CBP Partners with Private Sector on Port of Entry Service Reimbursement
U.S. Customs and Border Protection finalized five public-private partnership agreements that allow private reimbursement for enhanced CBP services that support growth in cross-border trade and travel.
“Our ability to transform what we do at the borders depends on strong buy-in from our private-sector stakeholders,” said CBP Acting Commissioner Thomas S. Winkowski at a signing ceremony held Dec. 19 at CBP’s Washington, D.C. headquarters. “We’ve developed a comprehensive strategy to optimize our resources at our ports of entry. We will work closely with our private-sector partners on every opportunity to enhance services.”
The March 2013 federal continuing appropriations act enabled CBP to create by Dec. 31, 2013, up to five reimbursable fee programs not to exceed a five-year timeframe. These agreements will not replace existing services, and reimbursable services can include all customs and immigration inspection-related matters.
The entities selected for these partnerships cover CBP air, land and sea operations:
- Dallas/Fort Worth International Airport;
- The City of El Paso, Texas;
- South Texas Assets Consortium;
- The City of Houston Airport System; and
- Miami-Dade County.
Each agreement outlines a measurable benefit and CBP plans “a rigorous set of metrics that will demonstrate the impact the services are having,” said Winkowski. “By responding to increasing volumes of trade and travel, and working collaboratively with stakeholders in all environments, we are better able to support the growth that is vital to our economy.”
During the ceremony, the private sector representatives credited CBP for its commitment to progress. “You’ve shown how important this is to CBP,” said Oscar Leeser, mayor of El Paso, Texas.
This program will help demonstrate that “you can’t build a car in Detroit without considering what happens in McAllen and Reynosa,” said James Darling, mayor of McAllen, Texas, which is across the border from Reynosa, Mexico, and its many factories.
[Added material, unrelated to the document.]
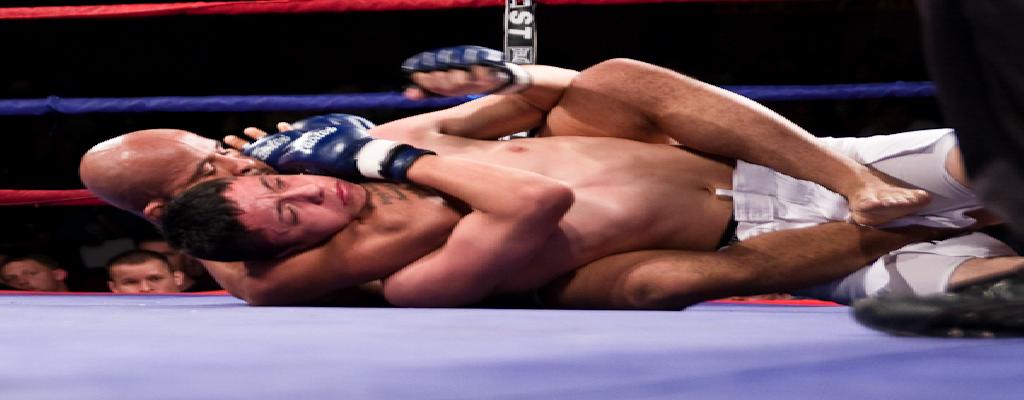 9 důvodů pro bojové umění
Juan Kuryla, representing the Miami Seaport, added that CBP has “the gratitude of the cargo industry” for the new reimbursement program.
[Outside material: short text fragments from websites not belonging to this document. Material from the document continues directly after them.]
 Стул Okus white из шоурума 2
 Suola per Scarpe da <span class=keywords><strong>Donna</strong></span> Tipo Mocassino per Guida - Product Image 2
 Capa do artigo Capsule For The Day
“It would’ve been easy for CBP to stay with the status quo,” said Byford Treanor, vice president of Dallas/Fort Worth International Airport, “but this really is moving forward.”
“Anything that helps CBP helps us,” said Emilio T. Gonzalez, director of the Miami-Dade, Fla., Aviation Department.
CBP reviewed all proposals submitted for the private-sector reimbursable services pilot program based on their CBP operational impact, health and safety issues, community and economic benefits, and other factors.
The reimbursable services authority is a key component of CBP’s Resource Optimization Strategy.